# Preaching in the Lbcf 26.11



## JML (Oct 27, 2010)

> 11. Although it be incumbent on the bishops or pastors of the churches, to be instant in preaching the word, by way of office, yet the work of preaching the word is not so peculiarly confined to them but that others also gifted and fitted by the Holy Spirit for it, and approved and called by the church, may and ought to perform it.
> ( Acts 11:19-21; 1 Peter 4:10, 11 )



This paragraph has always confused me and I was hoping that you all could help me out. If the work of preaching the Word is not confined to the elder as the confession states but others may perform it, what are the qualifications for these other "preachers"? It only says that they must be gifted and fitted by the Holy Spirit and approved by the church. Would they also have to meet the qualifications of 1 Timothy 3 and Titus 1? If so, how is that since they are not elders? If not, how are their qualifications determined? To be gifted and fitted there would have to be some sort of qualifications from the Scriptures.

Also, does the WCF contain the same teaching?

Thanks for the assistance.


----------



## Damon Rambo (Oct 27, 2010)

If you look at the preceding article, (26.10) you will see that the specific duties of preaching for elders is "in the church." 1 Timothy 3 and Titus 1 refer to overseers (authority) not proclamation (evangelism). A person outside the church, preaching to heathens, is not exercising authority (cannot exercise church discipline, censure, etc.).

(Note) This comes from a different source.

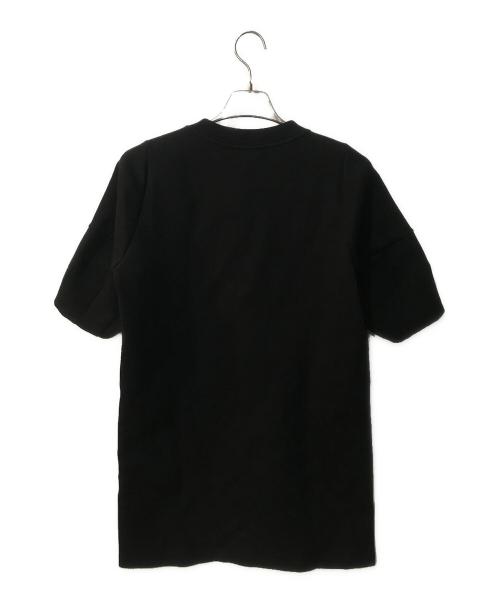 MAX&Co.（マックスアンドコー）MAX&Co. (マックスアンドコー) ジャージー テクノファブリック ドレス ブラック サイズ:XS 未使用品の古着・服飾アイテム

And no, I do not believe the WCF has anything similar. This is probably due to the emphasis of 17th century Baptists on the priesthood of believers, and the much more blurred line that they saw between ministers and laity, compared to their "Presbyterian" counterparts of the time.


----------



## JML (Oct 27, 2010)

Damon Rambo said:


> If you look at the preceding article, (26.10) you will see that the specific duties of preaching for elders is "in the church." 1 Timothy 3 and Titus 1 refer to overseers (authority) not proclamation (evangelism). A person outside the church, preaching to heathens, is not exercising authority (cannot exercise church discipline, censure, etc.).
> 
> And no, I do not believe the WCF has anything similar. This is probably due to the emphasis of 17th century Baptists on the priesthood of believers, and the much more blurred line that they saw between ministers and laity, compared to their "Presbyterian" counterparts of the time.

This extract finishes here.